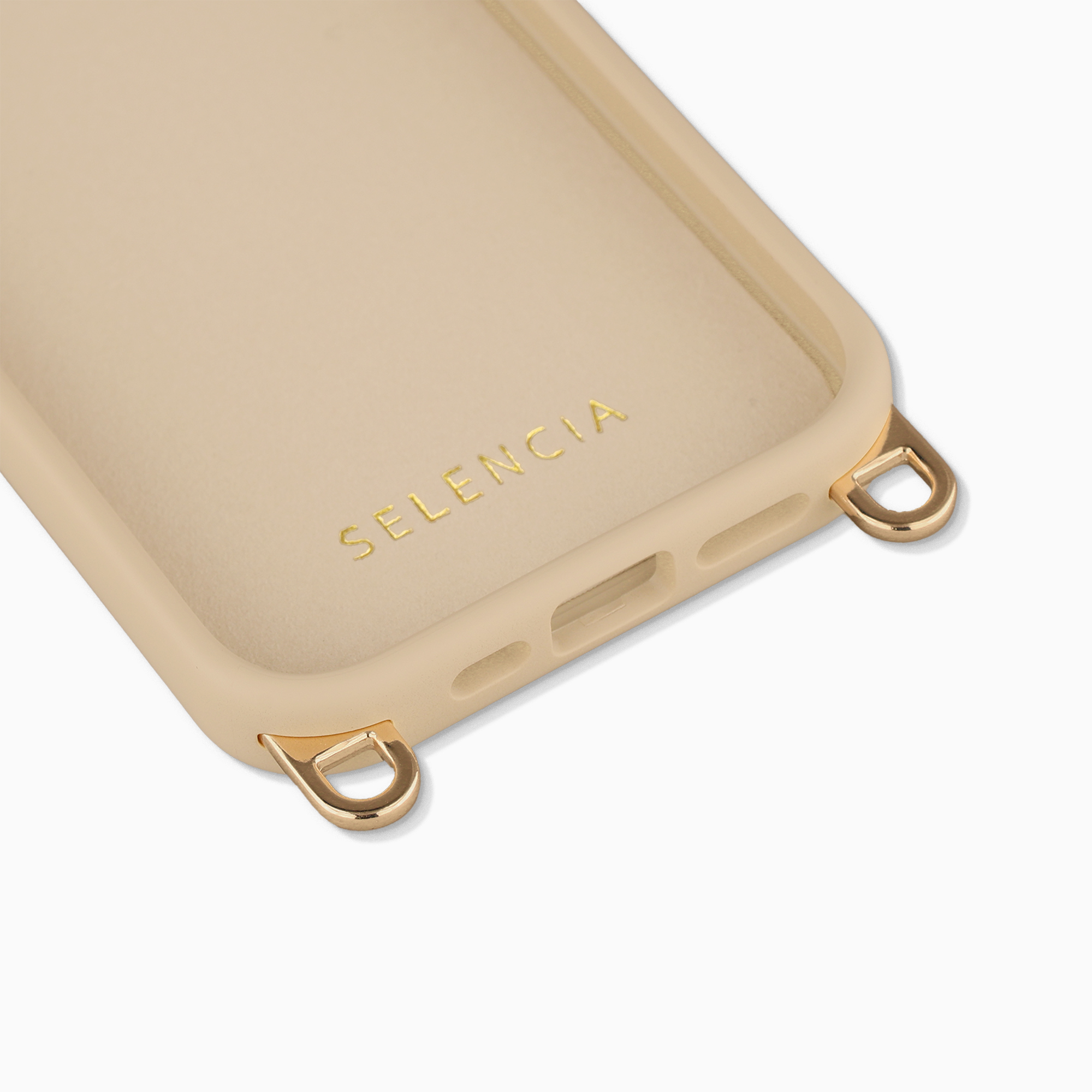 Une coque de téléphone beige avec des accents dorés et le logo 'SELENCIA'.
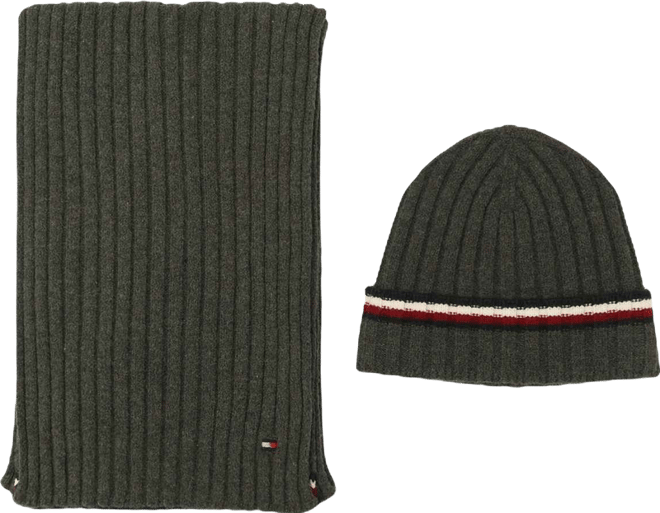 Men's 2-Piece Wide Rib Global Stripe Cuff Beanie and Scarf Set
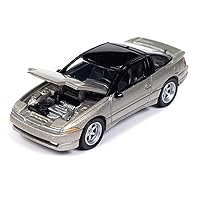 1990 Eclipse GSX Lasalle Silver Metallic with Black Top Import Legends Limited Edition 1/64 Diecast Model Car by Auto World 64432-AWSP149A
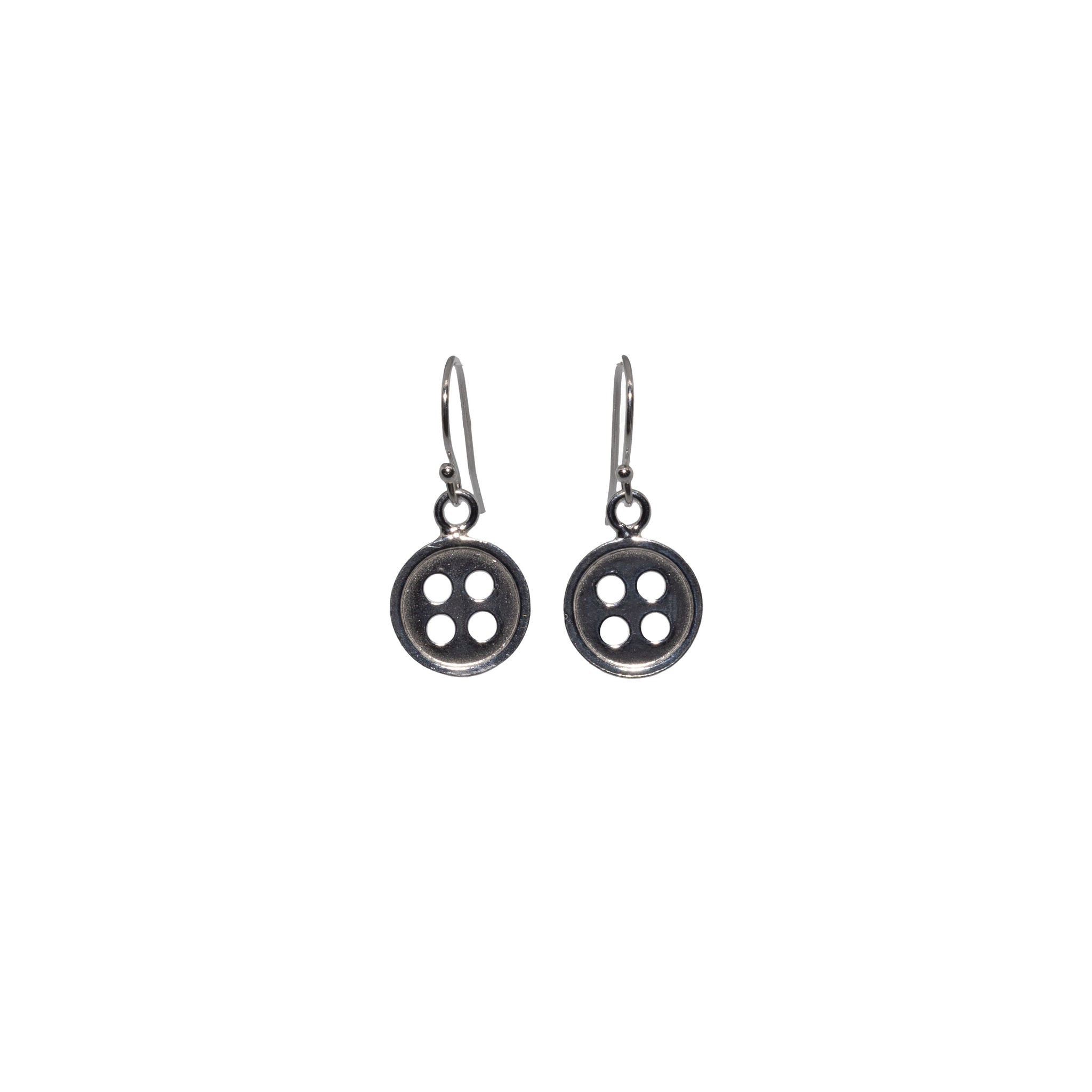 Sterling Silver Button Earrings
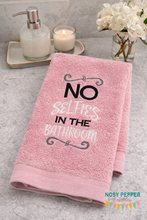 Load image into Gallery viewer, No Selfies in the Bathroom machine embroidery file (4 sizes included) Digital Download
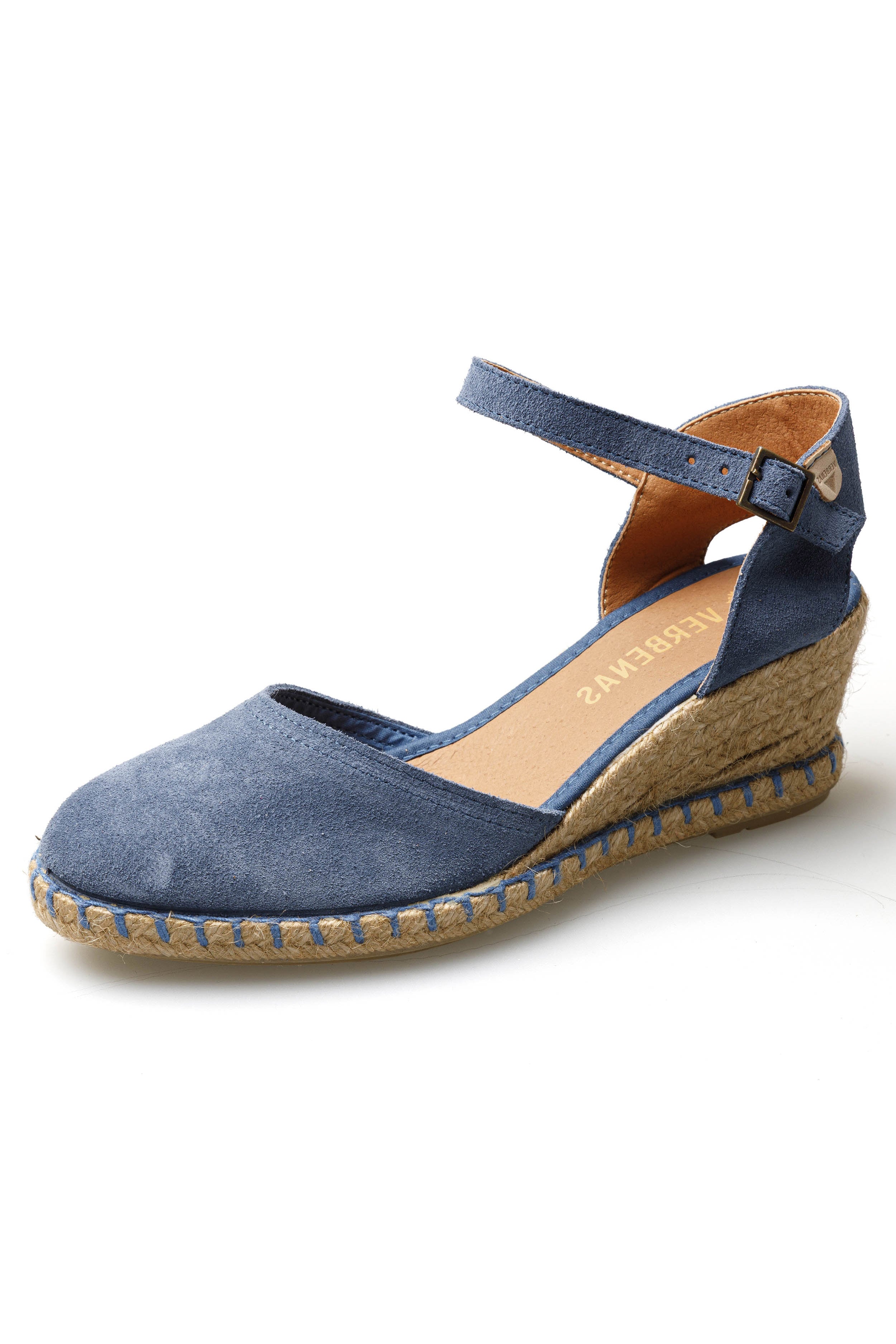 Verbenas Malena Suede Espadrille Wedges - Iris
------------------------------------------------------------------------
[WORK TASK] In the material above, repeat each entry exactly and omit every picture.

[TASK SOLUTION]
 Une coque de téléphone beige avec des accents dorés et le logo 'SELENCIA'.
 Men's 2-Piece Wide Rib Global Stripe Cuff Beanie and Scarf Set
 1990 Eclipse GSX Lasalle Silver Metallic with Black Top Import Legends Limited Edition 1/64 Diecast Model Car by Auto World 64432-AWSP149A
 Sterling Silver Button Earrings
 Load image into Gallery viewer, No Selfies in the Bathroom machine embroidery file (4 sizes included) Digital Download
 Verbenas Malena Suede Espadrille Wedges - Iris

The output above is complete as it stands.